Working data
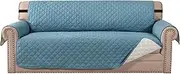 H.VERSAILTEX Sofa Slipcover Reversible Sofa Cover Water Resistant Couch Cover with Adjustable Straps, Washable Couch Cover for Kids, Dogs, Pets (XL 3 Seater Sofa, Smoke Blue/Beige)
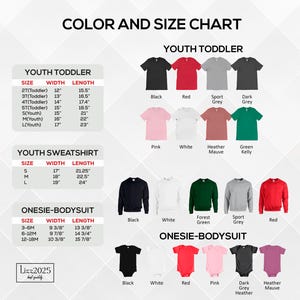 a poster with different colors and sizes of shirts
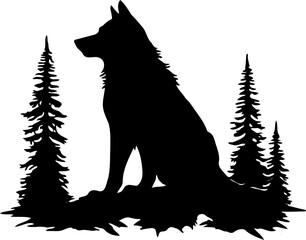 wolf silhouette on a white background
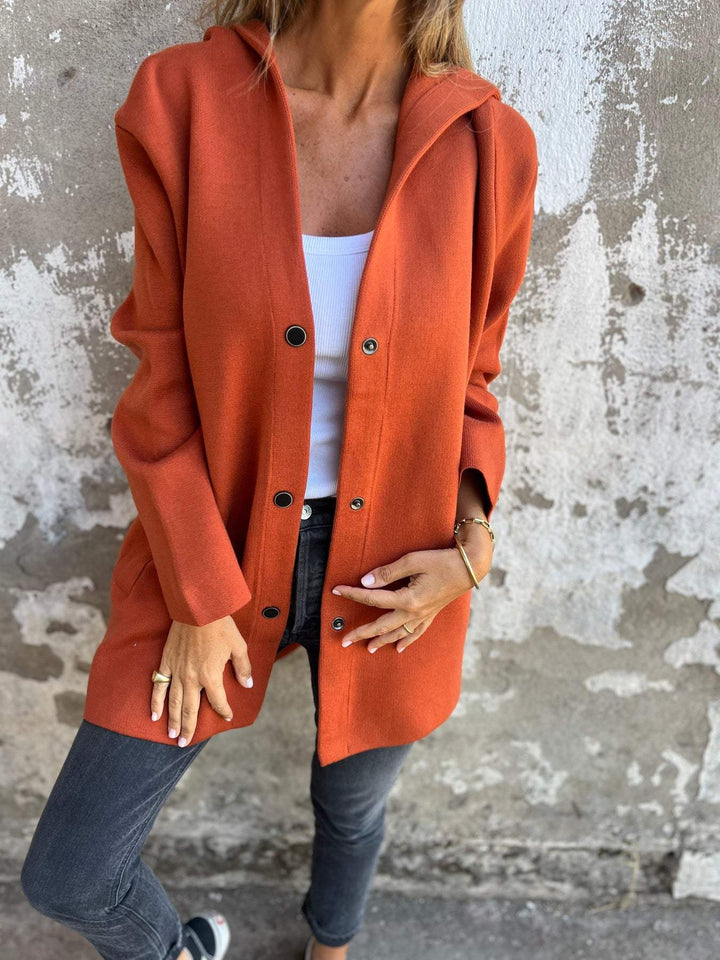 Adriana | Gilet avec boutons et capuche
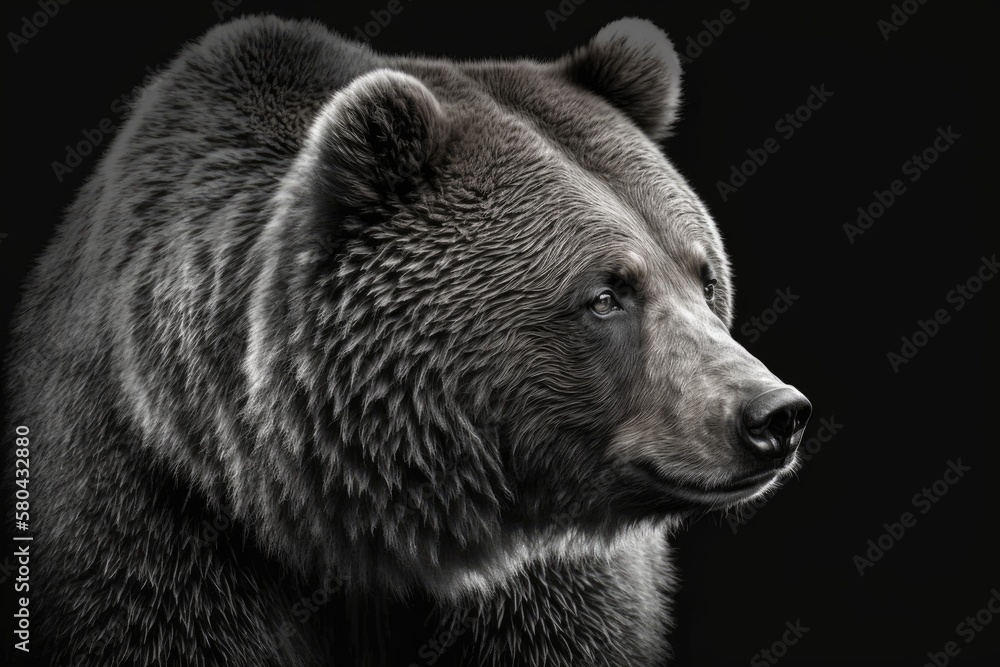 Fototapeta premium On a black background is a bear. Generative AI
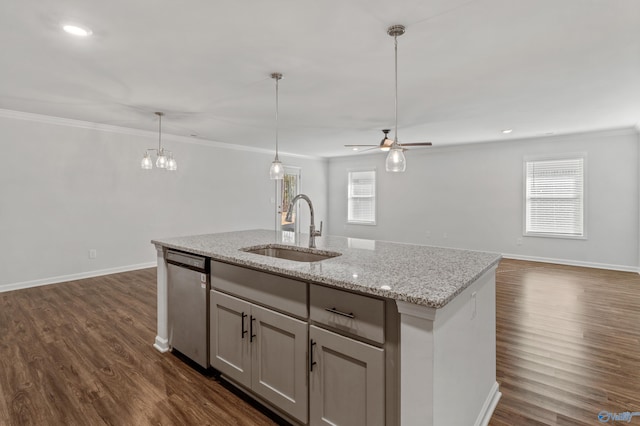 138 Barlow Way, Owens Cross Roads, AL 35763 - kitchen with dark wood-style floors, stainless steel dishwasher, open floor plan, and a sink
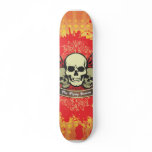 FLying Demon Skulls Orange Grunge Skateboard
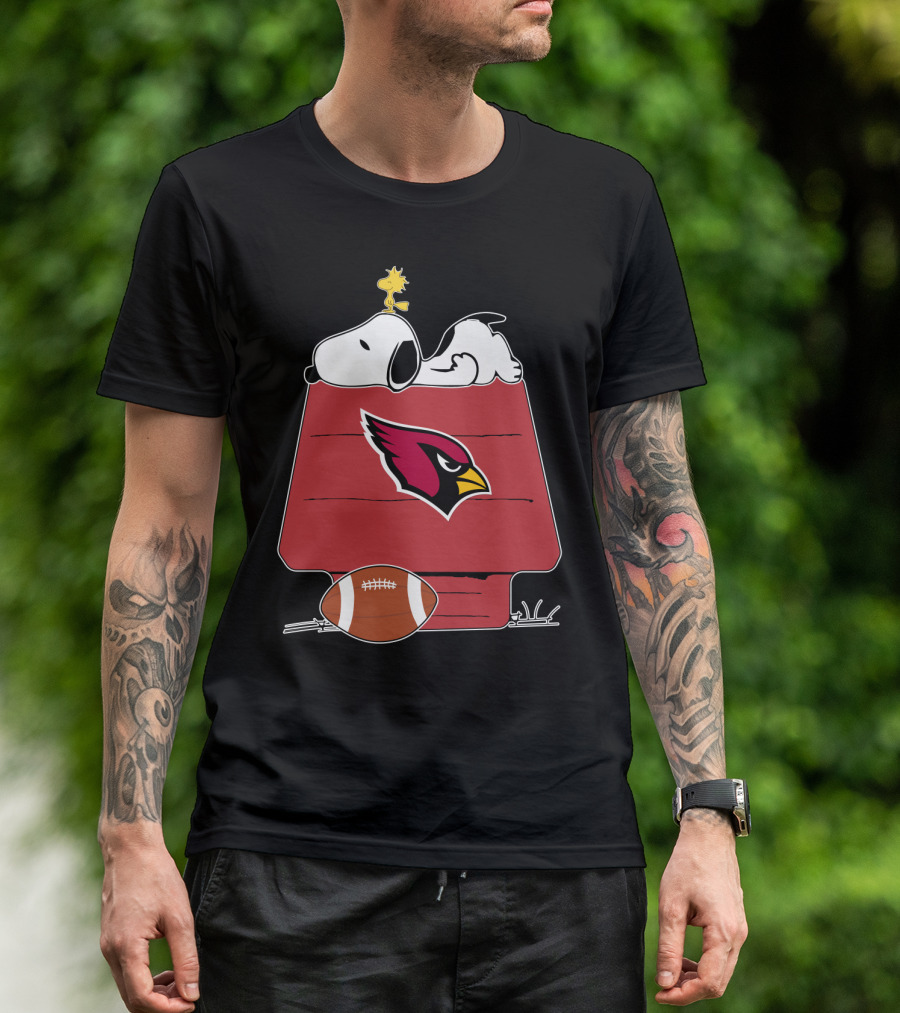 Arizona Cardinals Snoopy Woodstock Football House T-Shirt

Task statement
Restate the data above verbatim, skipping every image.

Expected output
 H.VERSAILTEX Sofa Slipcover Reversible Sofa Cover Water Resistant Couch Cover with Adjustable Straps, Washable Couch Cover for Kids, Dogs, Pets (XL 3 Seater Sofa, Smoke Blue/Beige)
 a poster with different colors and sizes of shirts
 wolf silhouette on a white background
 Adriana | Gilet avec boutons et capuche
 Fototapeta premium On a black background is a bear. Generative AI
 138 Barlow Way, Owens Cross Roads, AL 35763 - kitchen with dark wood-style floors, stainless steel dishwasher, open floor plan, and a sink
 FLying Demon Skulls Orange Grunge Skateboard
 Arizona Cardinals Snoopy Woodstock Football House T-Shirt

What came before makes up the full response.